Architecture & Design Film Festival zieht für die 18. Ausgabe ins New Yorker MoMA
Wie das Architekturfachportal e-architect meldet, richtet das Architecture & Design Film Festival (ADFF) seine 18.

Ausgabe erstmals im Museum of Modern Art in New York aus. Für die Saison 2026/2027 wurde das Programm nun vorgestellt; im Zentrum der Ankündigung steht die Weltpremiere eines Porträtfilms über den Pritzker-Preisträger Smiljan Radić, realisiert vom Dokumentarfilmduo Bêka & Lemoine.

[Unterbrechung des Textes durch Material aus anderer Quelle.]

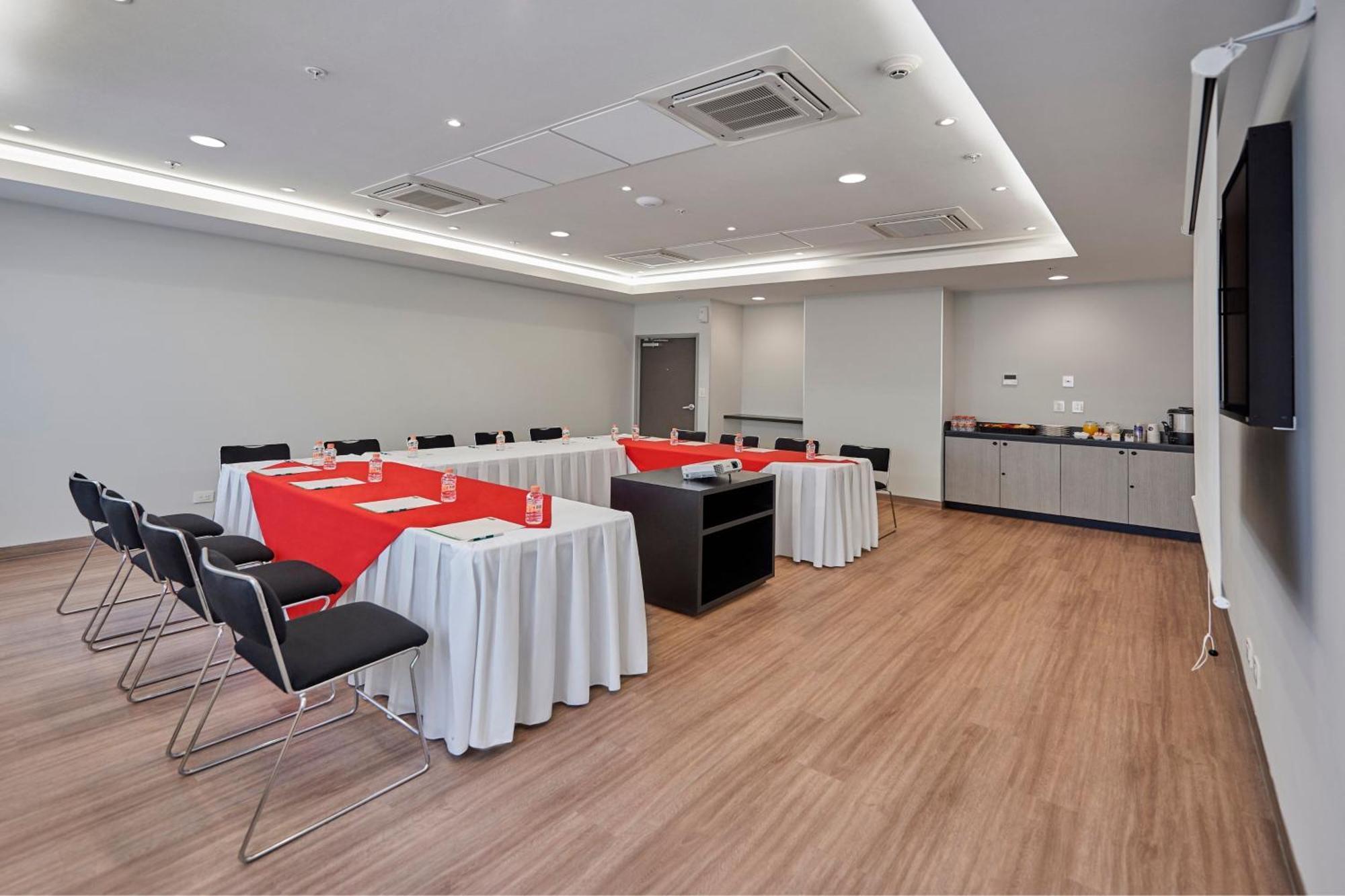 City Express Junior By Marriott Puebla Angelopolis Экстерьер фото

Ein neuer Rahmen für das Festival
Mit dem Wechsel ins MoMA tritt das ADFF an einen Ort, der Architektur seit Jahrzehnten als eigenständige Disziplin verhandelt. Das Haus verfügt über eine eigene Architektursammlung, die von den Anfängen der Moderne bis zur Gegenwart reicht und regelmäßig durch Wechselausstellungen zu aktuellen Positionen ergänzt wird. Für ein Festival, das sich ausschließlich dem bewegten Bild über das Bauen widmet, ist dieser Spielort programmatisch gewählt. Die Vorführungen treten gewissermaßen als Erweiterung der Ausstellungsfläche auf – nur mit einer anderen zeitlichen Schichtung, in der Statik, Material und Begehung nicht stillstehen, sondern im Schnitt weiterlaufen.

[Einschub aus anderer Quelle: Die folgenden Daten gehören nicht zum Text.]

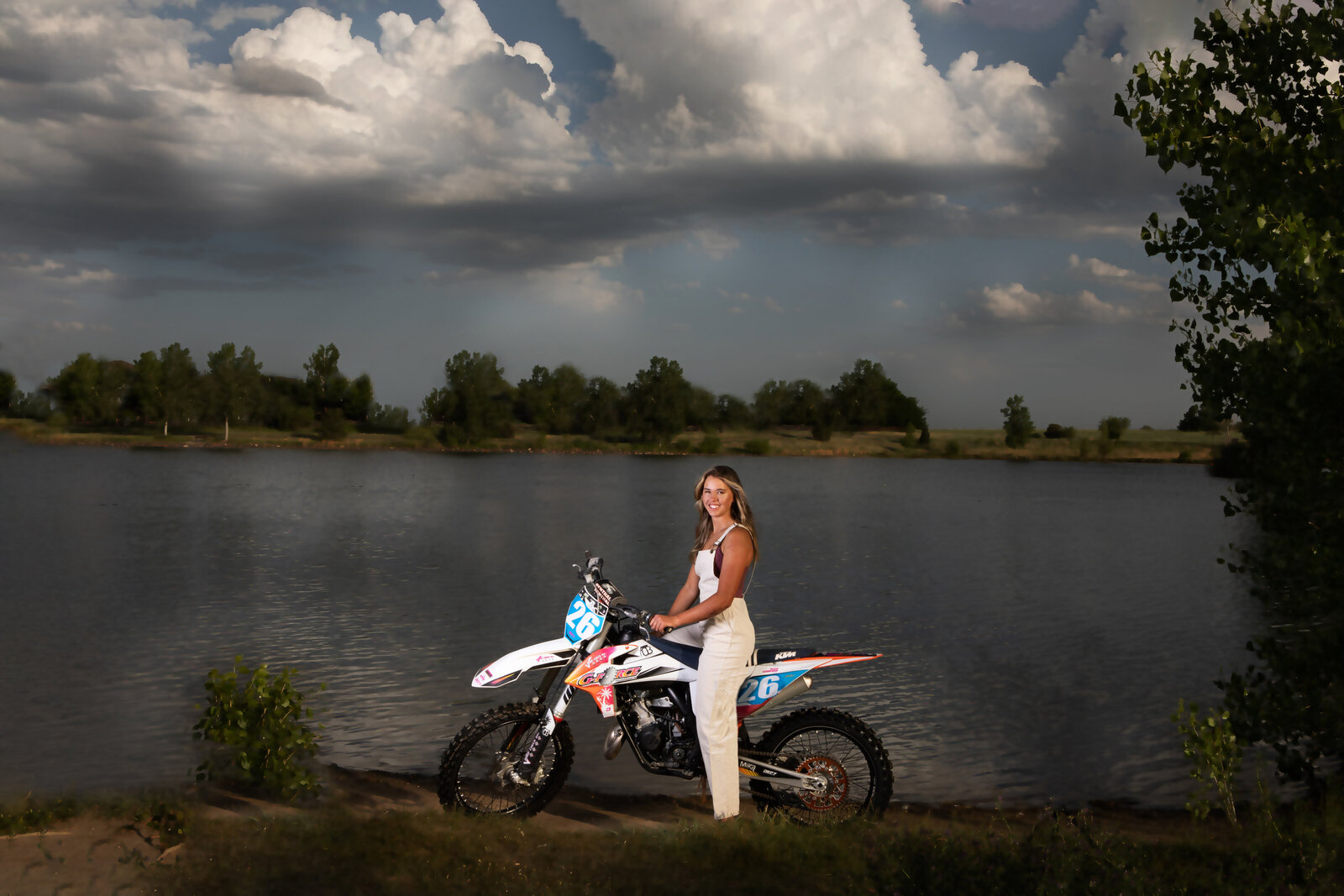 Maylei_Senior Portraits_2022_0064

Bêka & Lemoine über Smiljan Radić
Im Mittelpunkt der angekündigten Premiere steht ein Film über den Architekten Smiljan Radić. Das Duo Bêka & Lemoine arbeitet seit Jahren in einem dokumentarischen Format, das Architektinnen und Architekten direkt am Modell, am Bau oder im Gespräch begleitet – häufig ohne erklärenden Off-Kommentar, immer nah an der Handlung. Für Leserinnen und Leser, die Radićs Bauten bisher nur aus Büchern oder Ausstellungskatalogen kennen, eröffnet der Film die Möglichkeit, dessen Arbeitsweise in Bewegung zu sehen: also jene Entscheidungen zu Material, Maßstab und Fügung sichtbar zu machen, die jeder gebauten Linie vorausgehen und im fertigen Bau oft wieder verschwinden.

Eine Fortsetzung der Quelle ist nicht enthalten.